Investing.com - U.S. stocks opened higher on Tuesday, after the release of upbeat U.S. economic reports, while investors eyed more U.S. data to come later in the day.
During early U.S. trade, the Dow Jones Industrial Average climbed 0.53%, the S&P 500 index advanced 0.50%, while the Nasdaq Composite index gained 0.56%.
The Standard & Poor's/Case Shiller composite 20 house price index rose to an annualized rate of 8.1% in January, from 6.8% the previous month, beating expectations for a rise to 7.9%.
The report came after the Census Bureau said that U.S. core durable goods orders fell 0.5% in February, disappointing expectations for a 0.5% rise, after a 2.9% increase the previous month.
However, durable goods orders, including transportation items, rose 5.7% last month, more than the expected 3.8% increase, following a 3.8% decline in January.
Meanwhile, investors remained cautious after the head of the Eurogroup, Jeroen Dijsselbloem, said on Monday that the rescue program agreed for Cyprus represents a new model for resolving euro zone banking problems and other countries may have to restructure their banking sectors.
In the same sector, Intel was said to be making progress in talks with Time Warner, NBC Universal and Viacom to obtain TV shows and films for a first-of-its kind online pay-TV service, sending the company's shares up 0.76%.
Among Internet-related stocks, Yahoo shares climbed 0.46% as the company was reportedly preparing to pay about USD30 million to buy Summly, a mobile startup run by a 17-year-old.
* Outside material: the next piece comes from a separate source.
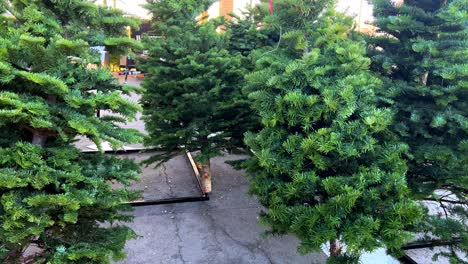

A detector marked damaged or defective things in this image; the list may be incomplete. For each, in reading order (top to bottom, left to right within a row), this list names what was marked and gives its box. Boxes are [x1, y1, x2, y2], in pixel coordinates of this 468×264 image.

Summly is a mobile application that summarizes news articles for small-screen devices.
Elsewhere, Boeing jumped 1.26% after the aircraft manufacturer said it was planning a final 787 test flight in the coming days, after taking the grounded Dreamliner aloft on Monday to evaluate fixes to lithium-ion batteries that overheated on two aircraft earlier this year.
Financial stocks added to gains, with shares in Bank of America gaining 0.48% and JP Morgan advancing 0.45%, while Citigroup and Goldman Sachs rallied 0.72% and 0.95% respectively.
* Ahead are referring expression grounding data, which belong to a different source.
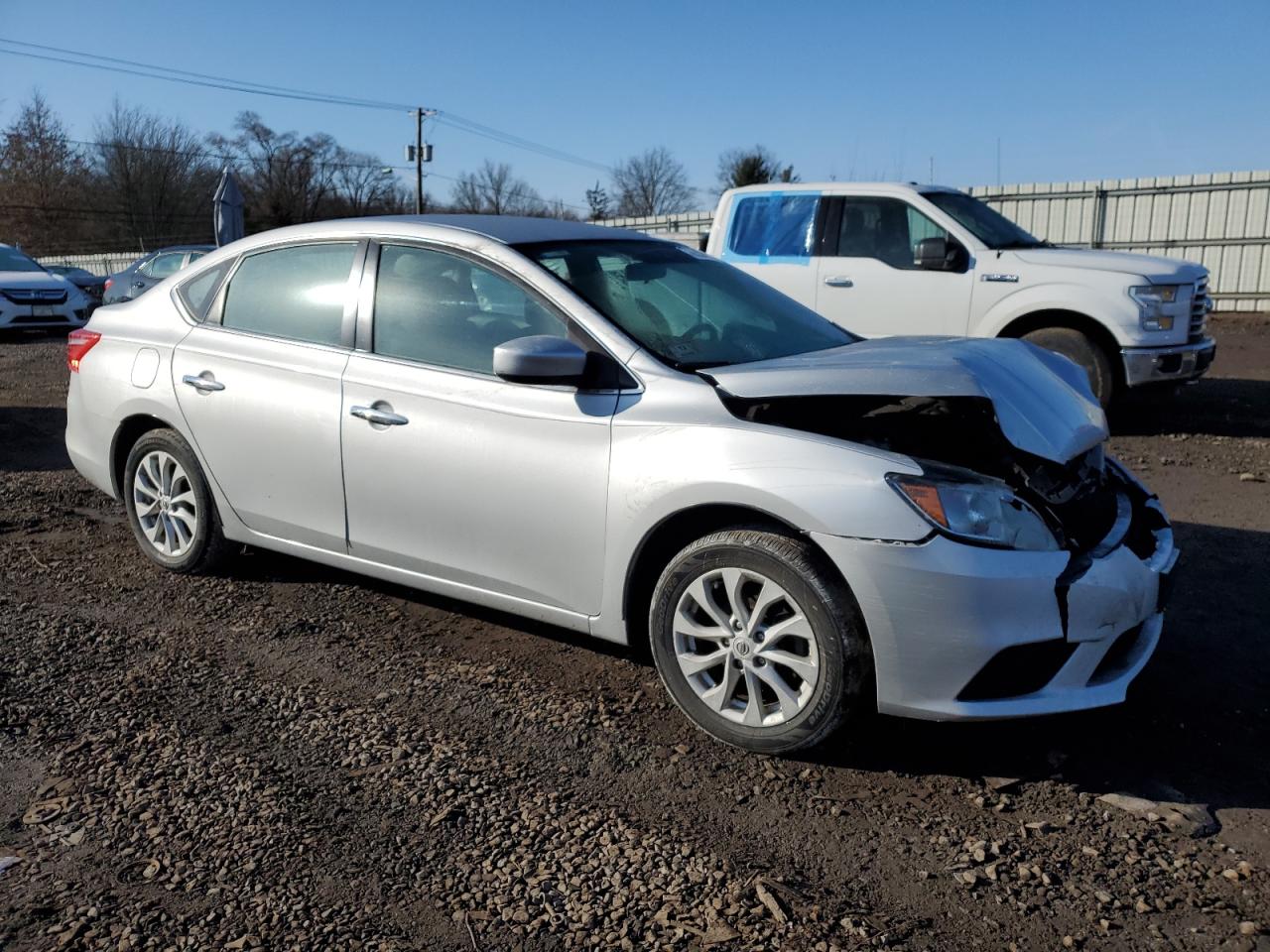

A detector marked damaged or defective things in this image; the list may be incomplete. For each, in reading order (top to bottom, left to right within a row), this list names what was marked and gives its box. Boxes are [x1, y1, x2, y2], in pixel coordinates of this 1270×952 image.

crumpled hood [1005, 247, 1204, 282]
crumpled hood [710, 340, 1107, 467]
detached front bumper [1127, 340, 1213, 388]
damaged front end [710, 360, 1173, 721]
broken headlight [883, 474, 1062, 550]
detached front bumper [813, 467, 1178, 721]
Separately, Goldman Sachs and Berkshire Hathaway amended the warrants Berkshire holds as part of the lifeline it gave Goldman during the financial crisis.
Across the Atlantic, European stock markets were mixed to higher. The EURO STOXX 50 dipped 0.03%, France's CAC 40 climbed 0.75%, Germany's DAX added 0.29%, while Britain's FTSE 100 rose 0.24%.
During the Asian trading session, Hong Kong's Hang Seng Index added 0.27%, while Japan's Nikkei 225 Index dropped 0.6%.
Later in the day, the U.S. was to release a government report new home sales as well as data on consumer confidence.